Ich bin einfach unfassbar sprachlos von dieser Entwicklung. Es gab Momente in denen ich dachte: Bitte lass es so passieren und im nächsten Moment kam eine Wendung, die alles nur noch toppte.
Die Drachen in diesem Buch sind keine verhätschelten Schoßhunde, sondern Drachen voller alter Magie und Macht. Diese Drachen sind weise und allein über die Worte hatte ich das Gefühl, dass die Magie in jeder Faser meines Körpers spürbar war.
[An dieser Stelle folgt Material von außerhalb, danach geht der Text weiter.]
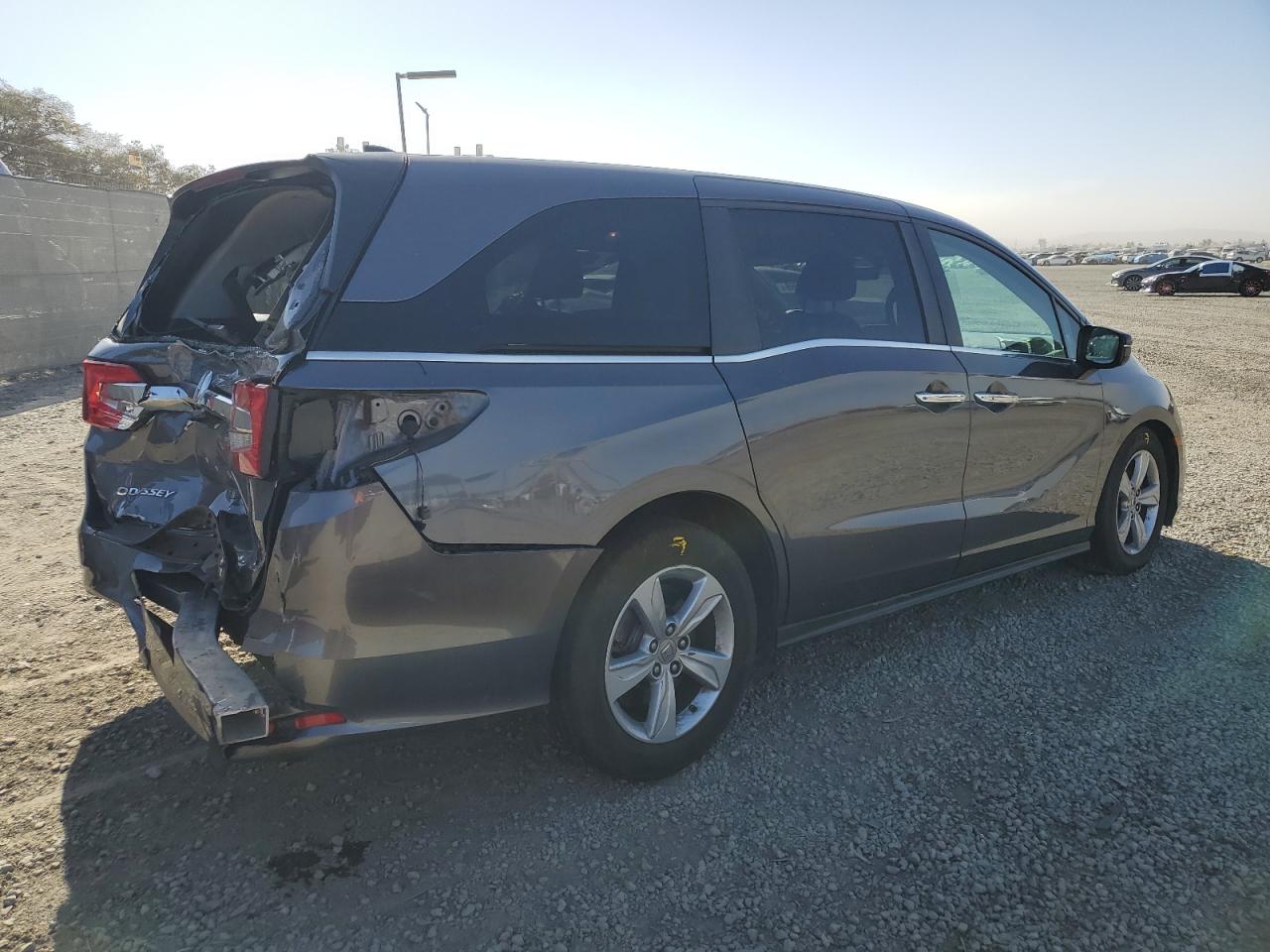 2019 Honda Odyssey - Image 3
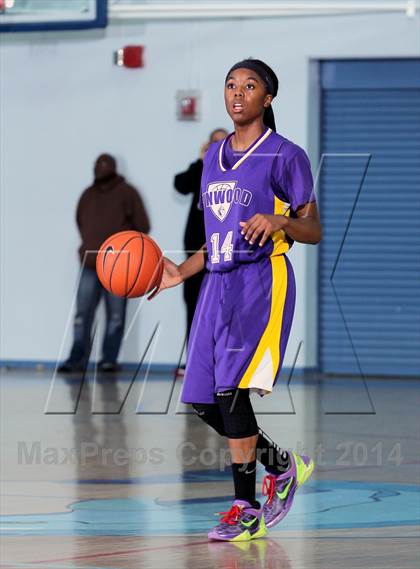 Thumbnail 1 in Lynwood vs. Windward  (Palisades Beach Invitational) photogallery.
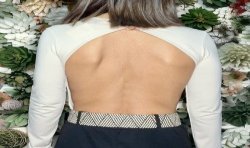 Body blanco visto por detrás.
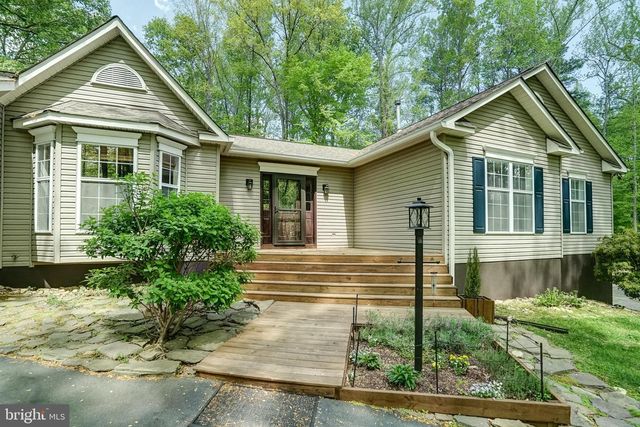 130 OAKLEIGH LN, Bumpass, VA 23024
Kais Furcht war meine Furcht, Kais Verstehen, war mein Verstehen. Es gab kein sie, oder ich, es gab nur ein wir und genau das hat dieses Buch so unfassbar lebendig werden lassen.
Sie kämpft für ihre Ansichten und muss trotz allem den auferlegten Zwängen irgendwo treu sein.
Sie trifft auf zwei ziemlich heiße Männer, wobei Enlai auch den höfischen Zwängen ausgesetzt ist und man bis zum Schluss nicht weiß, ob er für oder gegen einen ist, gerade da hat dem Ganzen die richtige Würze gegeben. Und dann ist da noch Jao, ach Jao. Was würde ich dafür geben, wenn du echt wärst... ich würde dich nie wieder hergeben.

Insgesamt bin ich restlos begeistert. Ich liebe Drachen seit Talon ja eh, aber dieses Buch hat die Sichtweise noch ein Mal so verändert, dass die Messlatte hoch liegt. Sehr hoch. Ich weine einfach in meiner Ecke, bis Band 2 kommt und bin nach diesem Ende wirklich gespannt auf mehr.
Wer Drachen mag und sich ein wenig mit der japanischen Kriegskunst beschäftigen will, sich auf ungeahnte Wendungen bereit macht und sich auf die Stimmung in diesem Buch einlässt, der wird ein einzigartiges Lesevergnügen erfahren.